Je me demande ce que penseraient mes proches s'ils voyaient mon quotidien ramené à un terrier sale et dérangé. Je mesure ce que c'est que de ne plus avoir la force d'accomplir les tâches "de confort", c'est à dire celles qui ne conditionnent pas ma survie ; ces derniers temps je me centre sur ma survie : des courses pour avoir de quoi manger, du sport pour avoir un temps sans pensées. Et le travail, où je croise toujours toute la misère humaine, sociale, familiale, où il faut écouter, penser dans l'urgence et sous la pression, accompagner, parfois longtemps, parfois sans résultat positif, parfois avec souffrance, colère et frustration.

Ce billet relève plus d'un journal intime, et il n'aurait rien à faire ici si j'étais dans mon état normal. Mais je n'ai même plus la force d'aller déterrer un de mes carnets pour y consigner quelques lignes.

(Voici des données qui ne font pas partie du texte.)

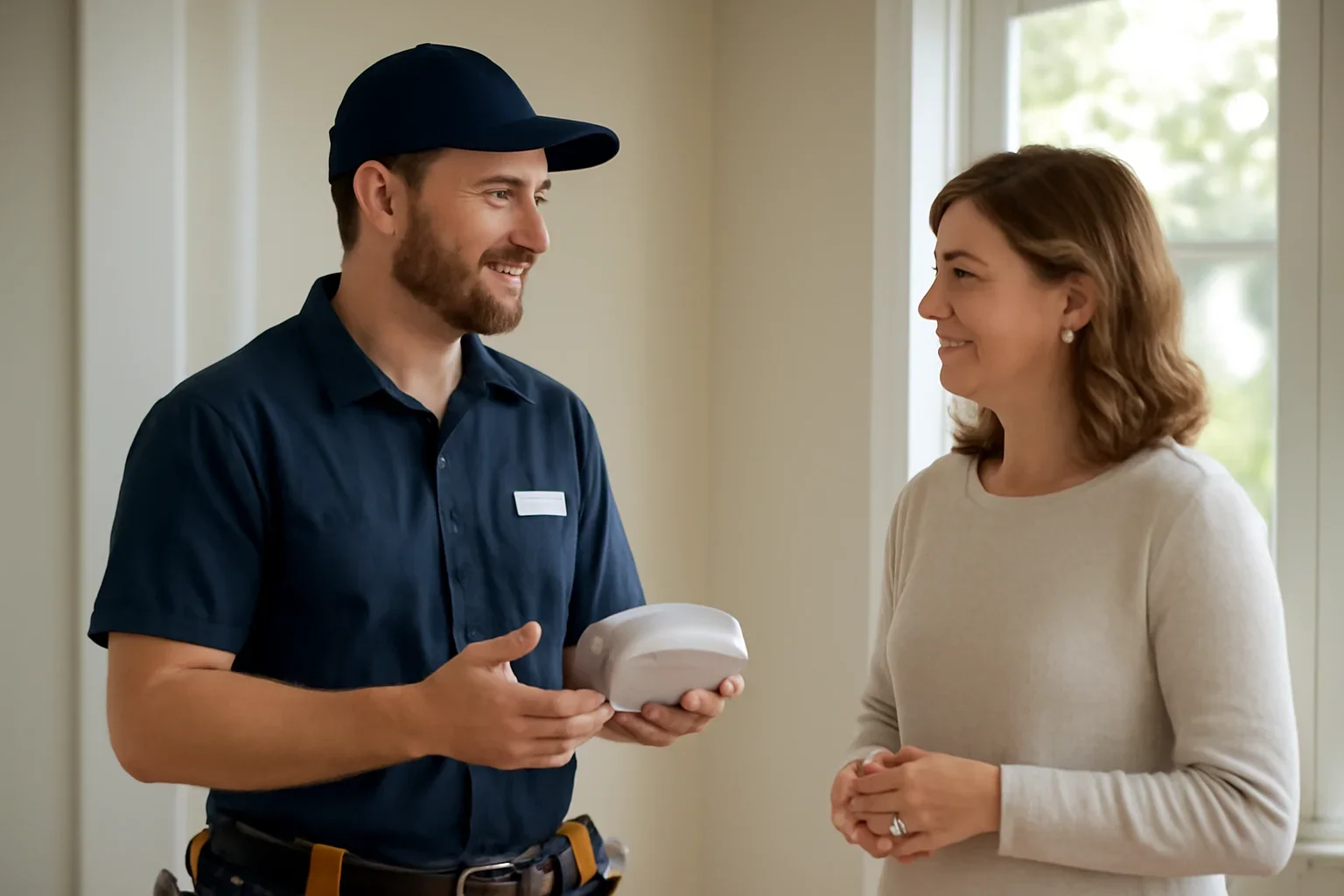 Electrician discussing smoke detector installation with a Regina homeowner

J'ai la tête dans le brouillard.

Mon espoir, c'est ce temps automnal, cette fraîcheur qui revient, le ciel qui se couvre, et la pluie. Ça freine un peu mon hyperactivité. J'ai plus froid, je sens plus mon corps, mes émotions, et j'arrive, fugacement, à entrevoir ces merveilles de ressentis qui m'habitaient autrefois. Le rêve des lumières du soir, à l'orée d'une longue nuit froide, l'air dense qui nous embrasse de ses bras gelés, l'épaisseur de l'atmosphère qui appelle, en miroir, l'épaisseur de l'esprit.

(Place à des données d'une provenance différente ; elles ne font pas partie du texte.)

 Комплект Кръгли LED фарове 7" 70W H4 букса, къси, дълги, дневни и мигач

C'est ainsi que je me rends compte que ces derniers mois, j'ai vécu sans y penser, comme dans une course folle. Comme s'il n'y avait plus d'horloge, de jour, de nuit, mais toujours une chose à faire après l'autre, que j'aurais dû faire hier, avant-hier, et jamais d'arrêt au ruban fou qui se déroule à la vitesse grand V. Comme un défaut d'insight. À quoi ressemblais-je, à courir après des obligations que d'autres auraient dû supporter à mes côtés, ou plutôt co-porter ?

Il est temps que je freine. J'irais emprunter un sécateur pour couper ces grandes branches de haie qui m'empêche de voir le paysage. Je dormirais plus avant de déblayer ce qui me sert d'intérieur, de pièces à vivre.

Vivre.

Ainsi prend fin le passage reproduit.